* **AIM OF THE TASK**: Reproduce the listing word for word. Skip any image.

DATA PROVIDED Start Marker

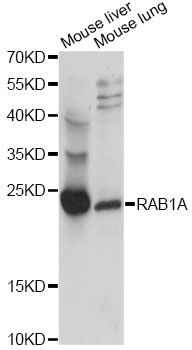 RAB1A Antibody - Western blot analysis of extracts of various cell lines, using RAB1A antibody at 1:1000 dilution. The secondary antibody used was an HRP Goat Anti-Rabbit IgG (H+L) at 1:10000 dilution. Lysates were loaded 25ug per lane and 3% nonfat dry milk in TBST was used for blocking. An ECL Kit was used for detection and the exposure time was 5s.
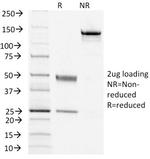 TSH-Receptor, B-Chain Antibody in SDS-PAGE (SDS-PAGE)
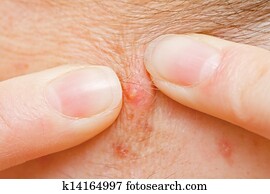 Acne squeezing Acne squeezing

DATA PROVIDED End Marker

* **WORKED SOLUTION**:
 RAB1A Antibody - Western blot analysis of extracts of various cell lines, using RAB1A antibody at 1:1000 dilution. The secondary antibody used was an HRP Goat Anti-Rabbit IgG (H+L) at 1:10000 dilution. Lysates were loaded 25ug per lane and 3% nonfat dry milk in TBST was used for blocking. An ECL Kit was used for detection and the exposure time was 5s.
 TSH-Receptor, B-Chain Antibody in SDS-PAGE (SDS-PAGE)
 Acne squeezing Acne squeezing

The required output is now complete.